Brian Goggin is thrilled with himself. The 52-year-old, who describes himself as a "proud and passionate" banker, is delighted to be finally in charge. Mr Goggin, who was denied the top job two years ago only to be offered it in June following the sudden departure of Michael Soden, says he will work to leave his mark on Ireland's second-biggest financial institution.
"I feel great. It's a tough job, a big job. I was delighted to be asked to do it and I am hell-bent on making a success of it."
He was markedly upbeat in his first public outing to announce a 9 per cent rise in Bank of Ireland's profits to €700 million for the first half of this year. He described the bank's performance as "excellent" but was realistic about the significant challenges the organisation must face in the future.
His immediate priority is to transform the Bank of Ireland group into a competitive, lower-cost operator. He remains coy about how this will be achieved but says he will be a relentless cost-cutter. The bank has promised to inform investors of these initiatives by the end of this year.
Yesterday Goggin would only say that the bank's cost-to-income ratio, which currently stands at 54 per cent, will be reduced to somewhere in the 40 per cent range. The highest ratios exist at its Irish retail operations and in the UK, which would seem to suggest they will bear the brunt of any axe-wielding.
He has promised to deliver a decision on where Bank of Ireland's future direction lies in the UK market shortly. Mr Goggin is examining options including the sale of its Bristol & West business or breaking it up to retain some parts. The bank is also focused on developing its business banking services in the UK and on making a success of the distribution venture it has with the UK Post Office.
The chief executive believes there is enormous potential for the bank in this market and plays down the need to execute a big acquisition to extract substantial profits from this market.
"I believe that our strategy is clear. Acquisitions should always be on the agenda but they must fit in with your strategy. You should be in a position to take advantage of those opportunities when they arise," he explains.
The bank will also be seeking opportunities to develop niche businesses internationally.

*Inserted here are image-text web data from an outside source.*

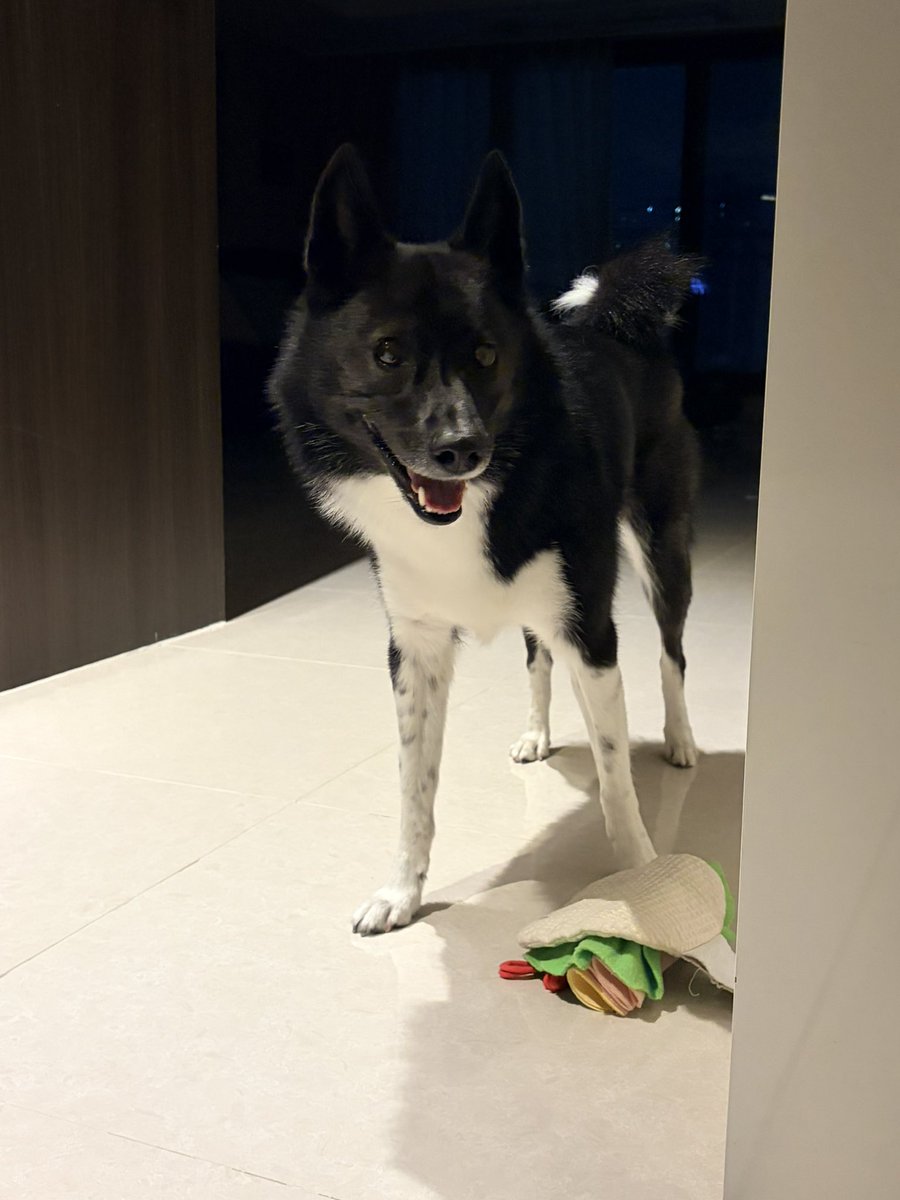 Oreoinluv's tweet photo. ✨🫧🖤🤍🐕‍🦺🤍🎱🫧🕶️🖤￼⚽️🤍🫧✨ https://t.co/7vfcigncmI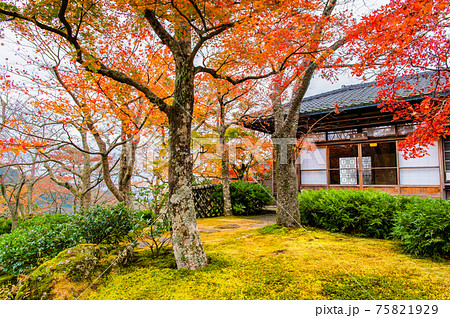 神奈川県 紅葉の箱根美術館 富士見亭 神奈川県 紅葉の箱根美術館 富士見亭 75821929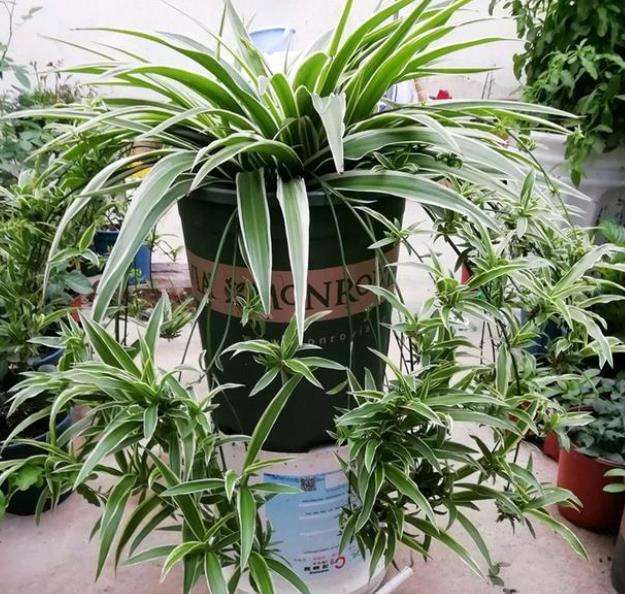 养吊兰只会浇水?教你几个小技巧,不干尖不黄叶,枝繁叶茂长势旺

The problems being experienced at Bank of Ireland Asset Management remain a concern for investors and for the bank and will be at the forefront of Mr Goggin's strategy. He had overseen this business for the past couple of years and is disappointed with recent events. The loss of €5.6 billion in client funds is relatively small given that it manages assets worth more than €50 billion for 700 clients, but there is no denying it is a blow.
Mr Goggin admitted that a number of US clients who had invested in a specific fund that had failed to yield sparkling investment returns had lost patience with its particular style of investment.
He says the bank's investment style has meant that its funds have been out of step with the market in the past but had proved its worth over the longer term. "BIAM was slated in the 1990s for ignoring the dotcom phenomenon. It withstood those pressures and was vindicated," he says.
The group's problems worsened when a rival poached four of its senior fund managers and triggered the loss of further clients.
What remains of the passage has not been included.